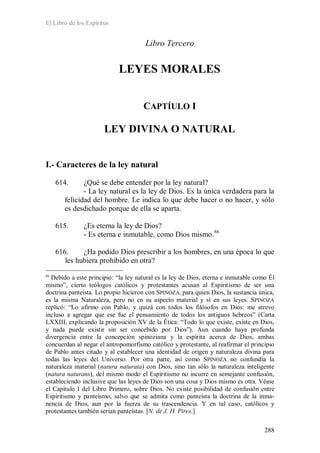 El Libro de los Espíritus
288
Libro Tercero
LEYES MORALES
CAPTÍULO I
LEY DIVINA O NATURAL
I.- Caracteres de la ley natural
614. ¿Qué se debe entender por la ley natural?
- La ley natural es la ley de Dios. Es la única verdadera para la
felicidad del hombre. Le indica lo que debe hacer o no hacer, y sólo
es desdichado porque de ella se aparta.
615. ¿Es eterna la ley de Dios?
- Es eterna e inmutable, como Dios mismo.86
616. ¿Ha podido Dios prescribir a los hombres, en una época lo que
les hubiera prohibido en otra?
86
Debido a este principio: “la ley natural es la ley de Dios, eterna e inmutable como Él
mismo”, cierto teólogos católicos y protestantes acusan al Espiritismo de ser una
doctrina panteísta. Lo propio hicieron con SPINOZA, para quien Dios, la sustancia única,
es la misma Naturaleza, pero no en su aspecto material y sí en sus leyes. SPINOZA
replicó: “Lo afirmo con Pablo, y quizá con todos los filósofos en Dios: me atrevo
incluso a agregar que ese fue el pensamiento de todos los antiguos hebreos” (Carta
LXXIII, explicando la proposición XV de la Ética: “Todo lo que existe, existe en Dios,
y nada puede existir sin ser concebido por Dios”). Aun cuando haya profunda
divergencia entre la concepción spinoziana y la espírita acerca de Dios, ambas
concuerdan al negar el antropomorfismo católico y protestante, al reafirmar el principio
de Pablo antes citado y al establecer una identidad de origen y naturaleza divina para
todas las leyes del Universo. Por otra parte, así como SPINOZA no confundía la
naturaleza material (natura naturata) con Dios, sino tan sólo la naturaleza inteligente
(natura naturans), del mismo modo el Espiritismo no incurre en semejante confusión,
estableciendo inclusive que las leyes de Dios son una cosa y Dios mismo es otra. Véase
el Capítulo I del Libro Primero, sobre Dios. No existe posibilidad de confusión entre
Espiritismo y panteísmo, salvo que se admita como panteísta la doctrina de la inma-
nencia de Dios, aun por la fuerza de su trascendencia. Y en tal caso, católicos y
protestantes también serían panteístas. [N. de J. H. Pires.]
 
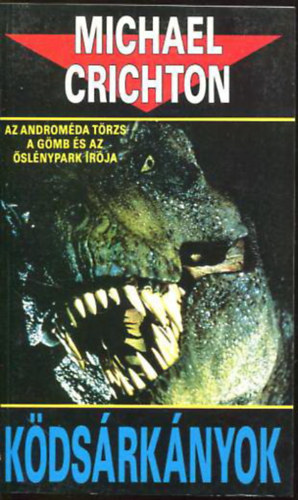Michael Crichton - Kdsrknyok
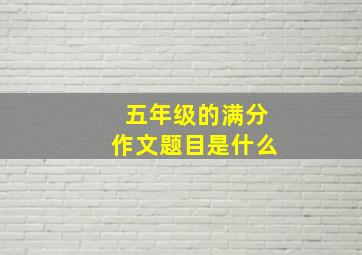 五年级的满分作文题目是什么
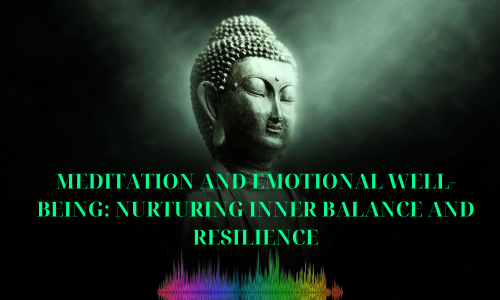Meditation and Emotional Well-being Nurturing Inner Balance and Resilience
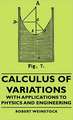 Calculus of Variations - With Applications to Physics and Engineering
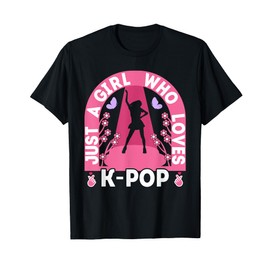 Just A Girl Who Loves K-Pop Outfit Korean Music Girls K-Pop T-Shirt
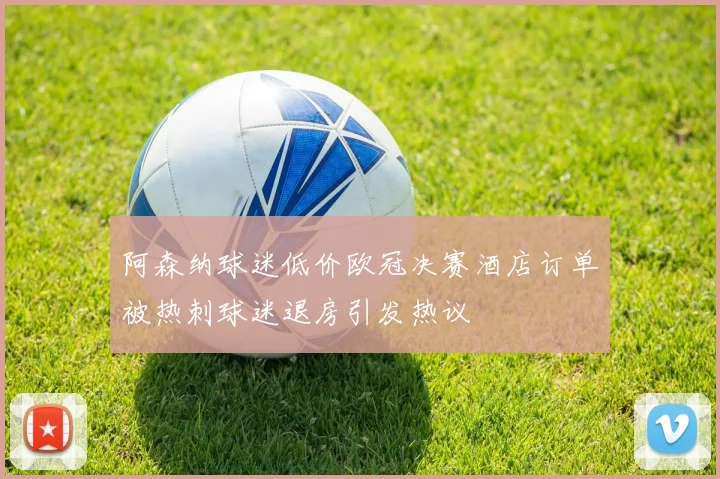 阿森纳球迷低价欧冠决赛酒店订单被热刺球迷退房引发热议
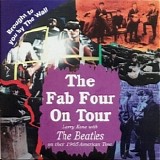 The Beatles - The Fab Four On Tour (Larry Kane With The Beatles On Their 1965 American Tour)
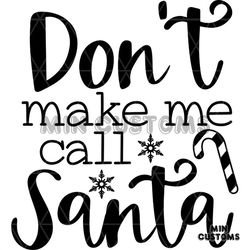 Don't Make Me Call Santa Svg, Christmas Svg, Santa Claus Svg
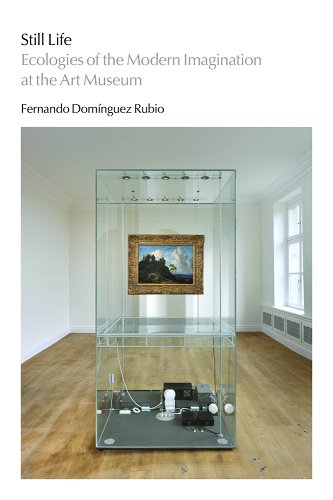Fernando Domínguez Rubio, "Still Life: Ecologies of the Modern Imagination at the Art Museum" (U Chicago Press, 2020)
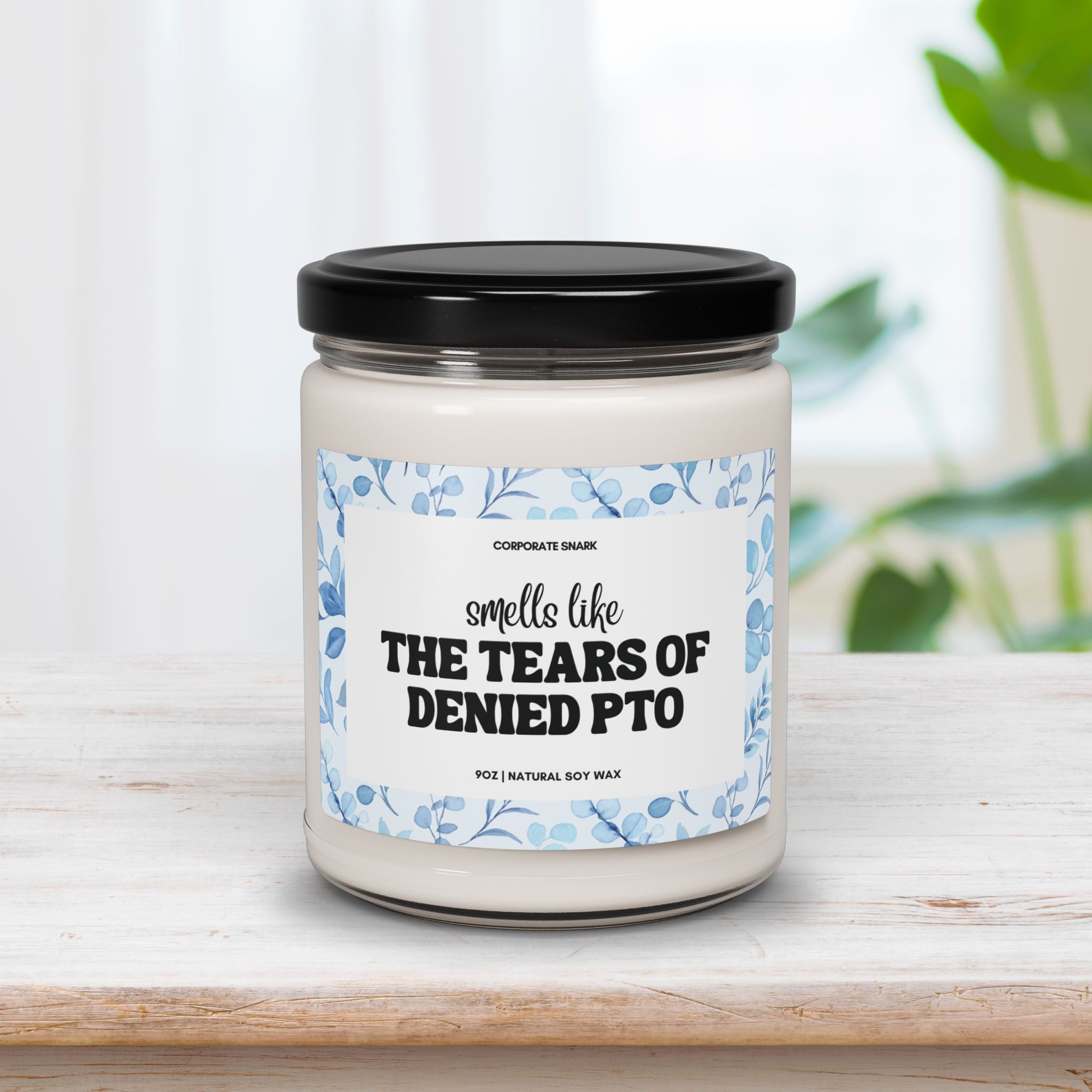Smells Like The Tears Of Denied PTO Candle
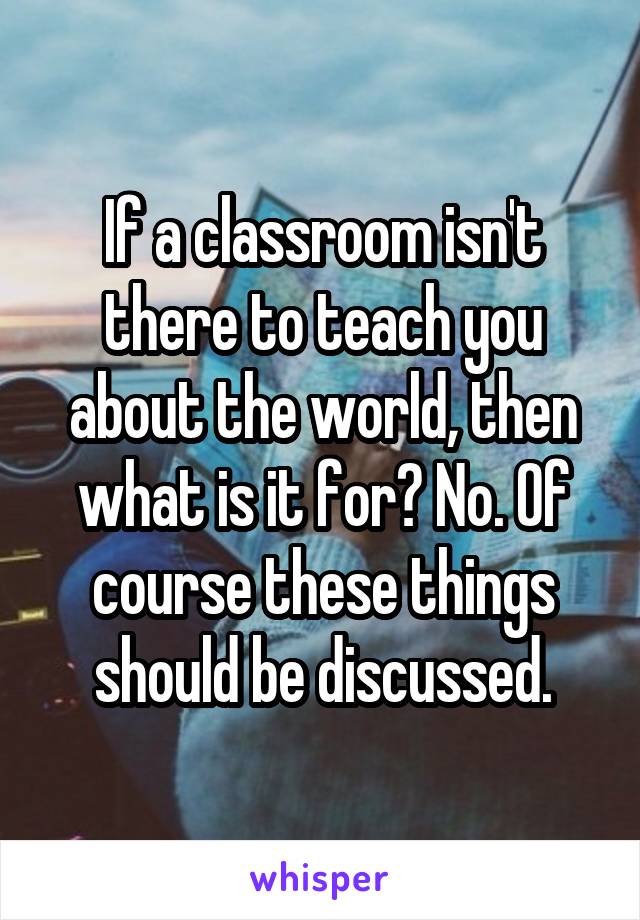 If a classroom isn't there to teach you about the world, then what is it for? No. Of course these things should be discussed.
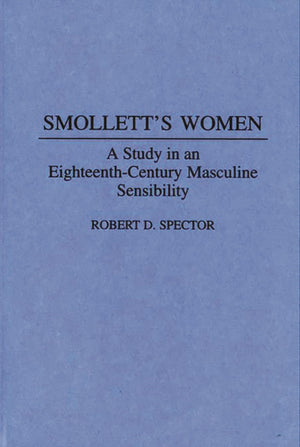 Smollett's Women: A Study in an EighteenthCentury Masculine Sensibility (Contributions to the Study of World Literature),Used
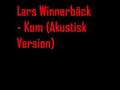 Lars Winnerbäck - Kom [Akustisk] Video 
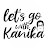 Let's Go with Kanika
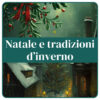 Natale e tradizioni d’inverno
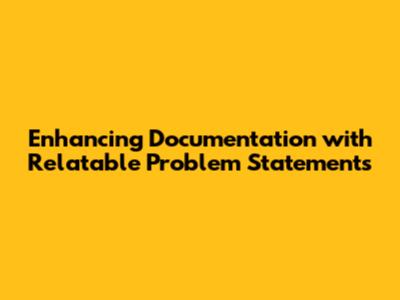 Enhancing Documentation with Relatable Problem Statements
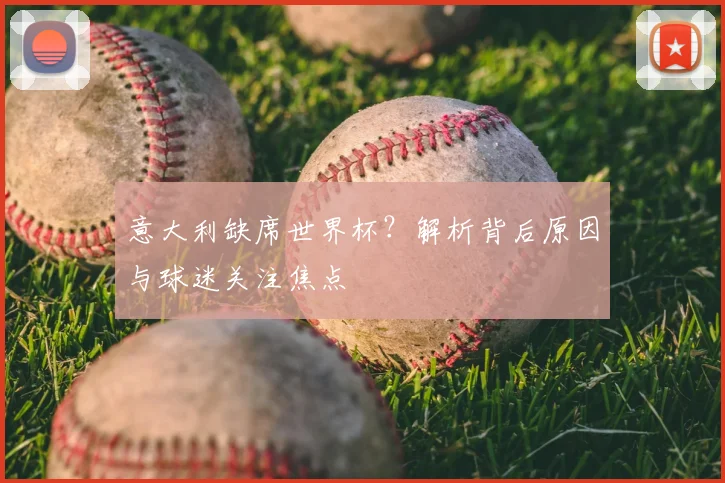 意大利缺席世界杯？解析背后原因与球迷关注焦点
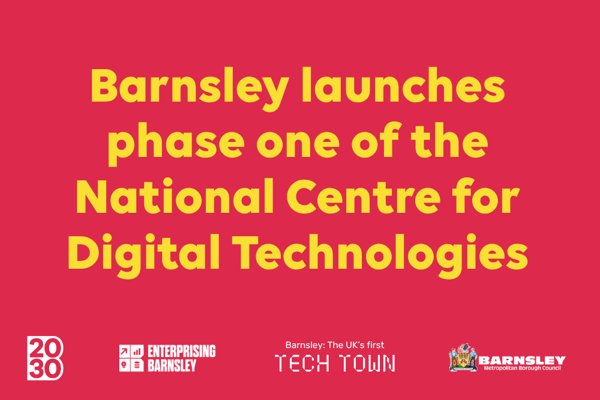 Barnsley launches phase one of the National Centre for Digital Technologies.png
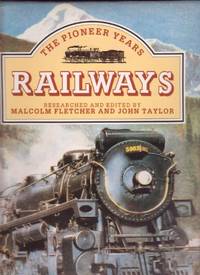 Railways: The Pioneer Years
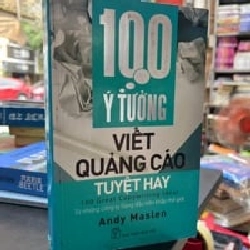 100 Ý Tưởng Viết Quảng Cáo Tuyệt Hay - Andy Maslen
****
ASSIGNMENT → Starting at the line that holds "Smollett's Women: A", copy each line exactly through the end of the material above, keeping both ends and dropping the pictures.

THE COMPLETED TASK →
 Smollett's Women: A Study in an EighteenthCentury Masculine Sensibility (Contributions to the Study of World Literature),Used
 Lars Winnerbäck - Kom [Akustisk] Video 
 Let's Go with Kanika
 Natale e tradizioni d’inverno
 Enhancing Documentation with Relatable Problem Statements
 意大利缺席世界杯？解析背后原因与球迷关注焦点
 Barnsley launches phase one of the National Centre for Digital Technologies.png
 Railways: The Pioneer Years
 100 Ý Tưởng Viết Quảng Cáo Tuyệt Hay - Andy Maslen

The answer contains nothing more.